We'll keep you updated on their respective descents and ascents!

CTSS Team

Summit views

...100% ON SUMMIT RIGHT NOW...

100% of our CTSS climbers are on top of Everest right now!

They made incredible time across the summit ridge and are enjoying great weather with those winds dying down.

Well done to all the climbers and a big shout out to their support teams, friends and family from all over the world sending your thoughts, good vibes and love have enabled this wonderful team of people to live out their individual dreams of reaching the top of the world.

We do recognise that the climb isn't over yet and the team will now make their way back down, and we will keep you updated. Often they stash radios in pockets, put their heads down and just keep moving so remember no news is good news as they descend to the South Col. If they feel strong enough reaching there they may even keep going back to Camp 2.


...Team are at the South Summit...

A very quick update from the mountain from you... the team have reached the South Summit and are on schedule. They are changing oxygen bottles and all going to plan it should take them 2 - 3 hours from here.

It's a bit windy up there at the moment and there is some congestion on the mountain but the good news is the winds are forecast to die off and everyone is moving strongly.

We keep our radio communications nice short to save batteries, but we will update you as we hear.

CTSS Team

Mike shows us the route that the team have passed through to come up to the South Summit.

 

 


... The Everest team is off & on the move...

& the Lhotse team resting at C3...

Well, the waiting is over and the moment the Everest climbers have been waiting for has arrived. They finally get to experience what Everest summit day is like. They have done exceptionally well to put themselves in this position. Even to climb to 8000m and spend a night there is a huge feat. Now they will climb for the next 6 to 10 hours, ascending through the darkness and rarefied Himalayan air for a short moment on top.

The route starts gradually across the icy surface of the south col before the climbing begins. Moderate slopes and 3 - 4 hours of climbing will lead the climbers to the "Balcony." Here they will change their used oxygen bottles for fresh ones and grab a quick sip of water and bite to eat before getting in to the real climbing. 

The next stretch to the South Summit surprises many climbers but our team has been well-educated about the steepness and challenges of this section. Several short rocky steps lead to a right traverse then on to a broad, steep ridge to the South summit proper. This section typically takes 3 hours. As our team crests the South Summit the first light of day should be on them and they'll begin to feel the warmth of the sun.

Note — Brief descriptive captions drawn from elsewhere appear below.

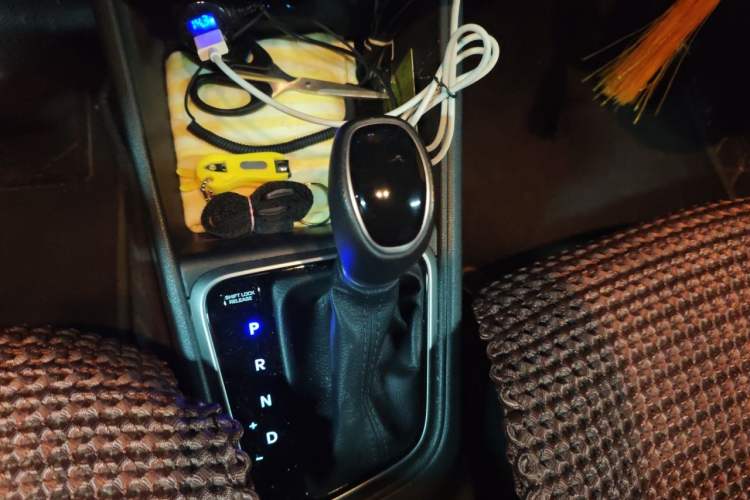 Used Hyundai Verna RV 2017 1.4L Automatic Cool Edition GLS China V Emission Standard Gear Lever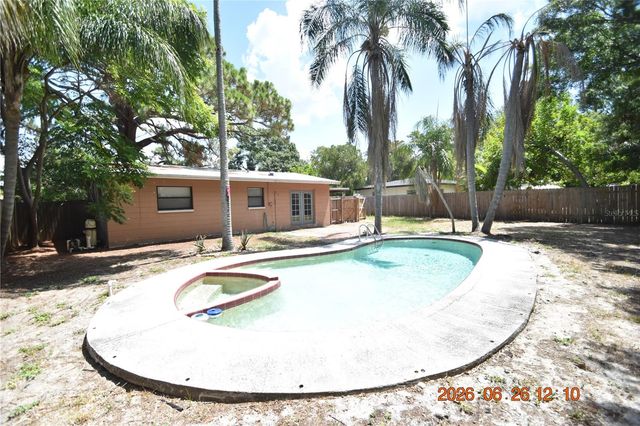 4414 W WYOMING AVENUE, Tampa, FL 33616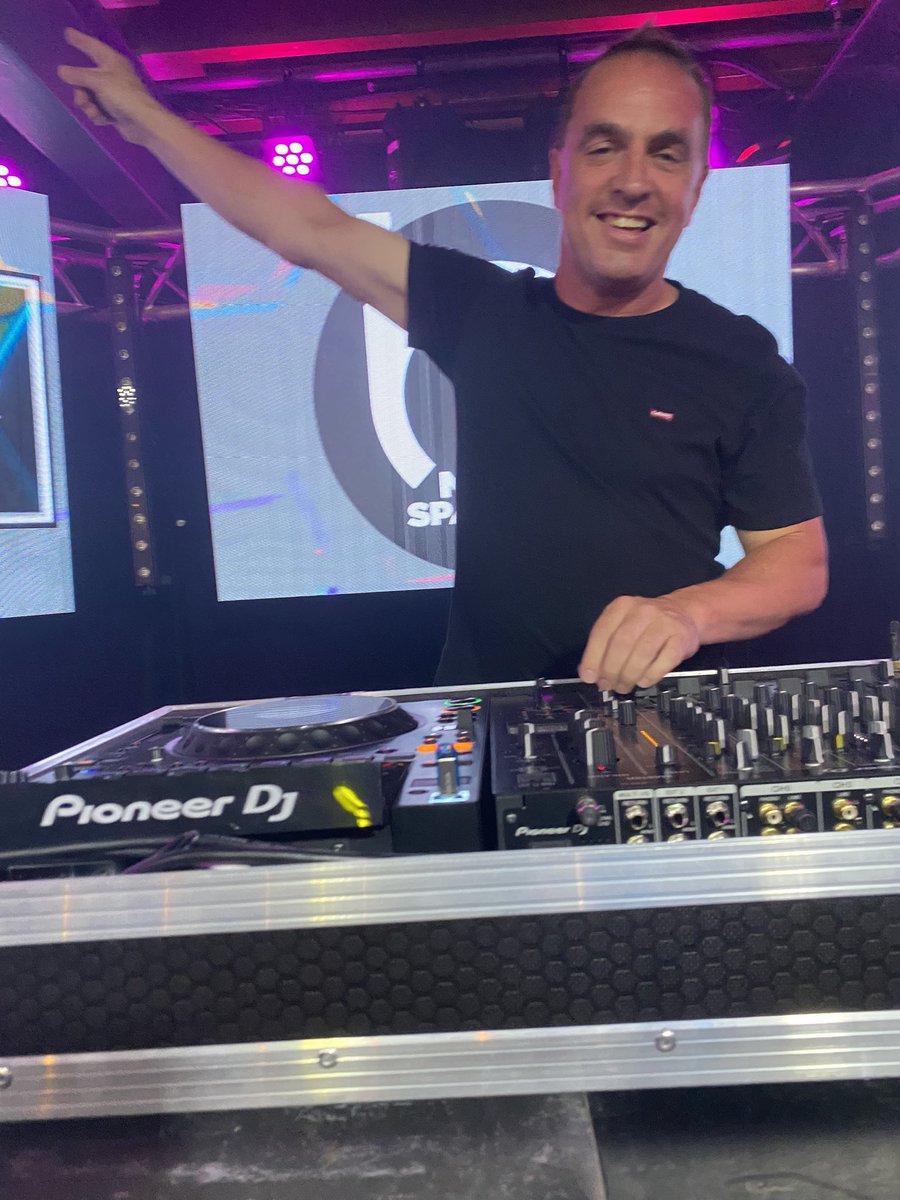 Good evening #oldhamhour. Thank you for everyone who came for a dance at the launch night on Friday @whittlesattokyo. Thanks to all the technicians, staff and DJ’s. It was awesome 😎 #believethehype <a href="/graemepark/">Graeme Park ⭐️⭐️</a> <a href="/BeckiDeFunk/">Becki de-Funk</a> <a href="/davesweetmore/">dave sweetmore</a> <a href="/MattRamsbottom/">Matt</a>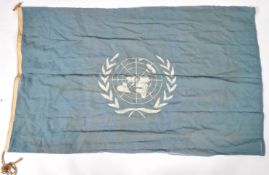VINTAGE 1950S UNITED NATIONS BLUE & WHITE FLAG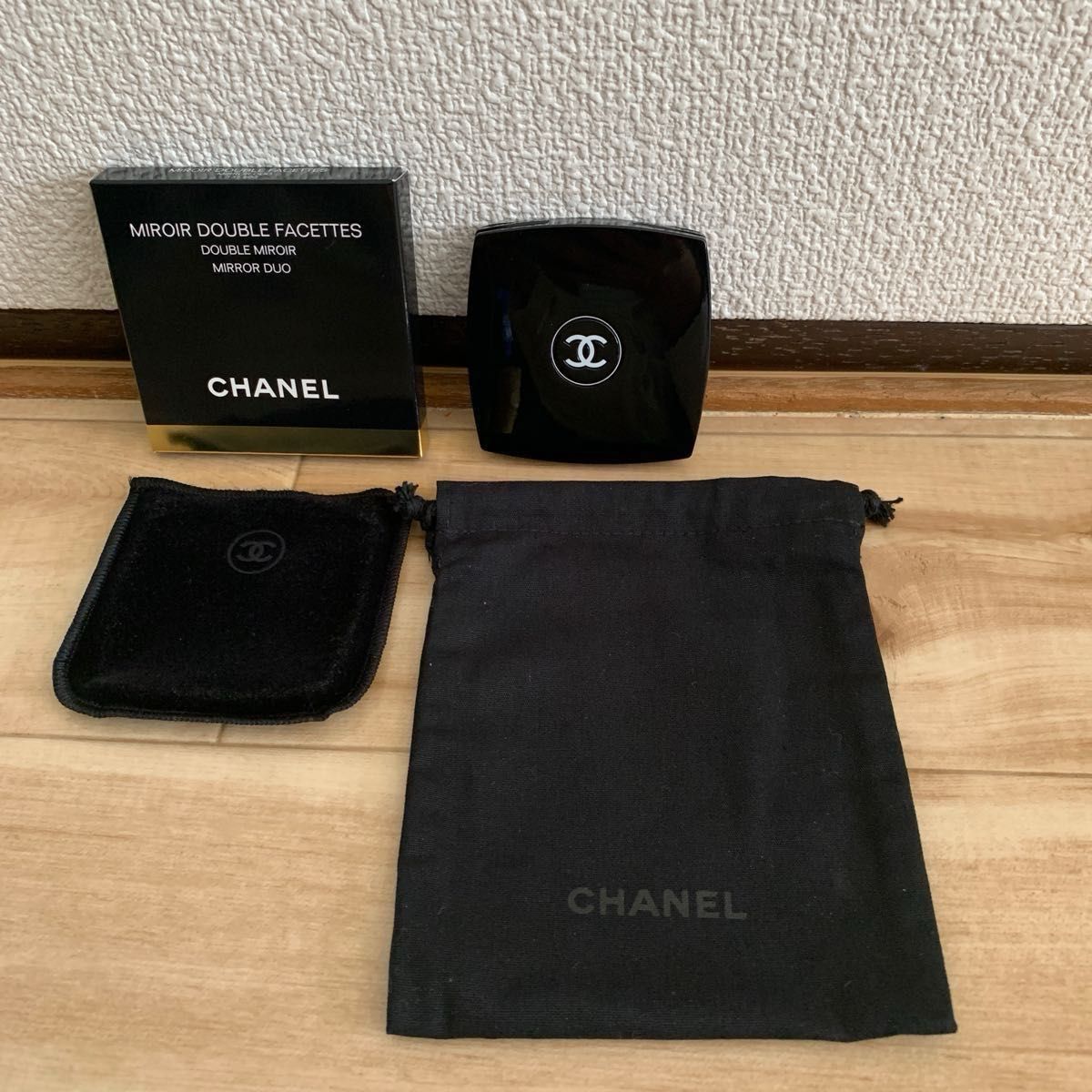 開封のみ新品未使用品CHANEL ミロワール ドゥーブル ファセット（ブラック）巾着袋付き 値下げ交渉不可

Here they are within reach. From the South summit they will peer across the summit ridge where they can almost see the top. Another 1.5 - 2 hours of exposed but relatively flat walking will bring our team to the top. Typically climbers spend anywhere from 30 minutes to and hour on the summit depending on the weather. 

They will then descend to back to the South Col in about half the time. Believe it or not, it can get so hot on the descent that you're forced to take the top of your down suit off and tie it around your waste. I've even seen a few mountaineers take their boots off at the "Balcony" to cool their feet although I wouldn't recommend it! Once back at the South Col the team will rest and if some people are feeling very strong and well-rested, they may descend to the relative luxury of Camp 2. 

The Lhotse team is tucked in at Camp 3 on Os and has a less eventful night ahead of them. They'll wake up leisurely in the morning and head to high camp where the next night will be their night to climb. 

More updates to follow as the team ascends.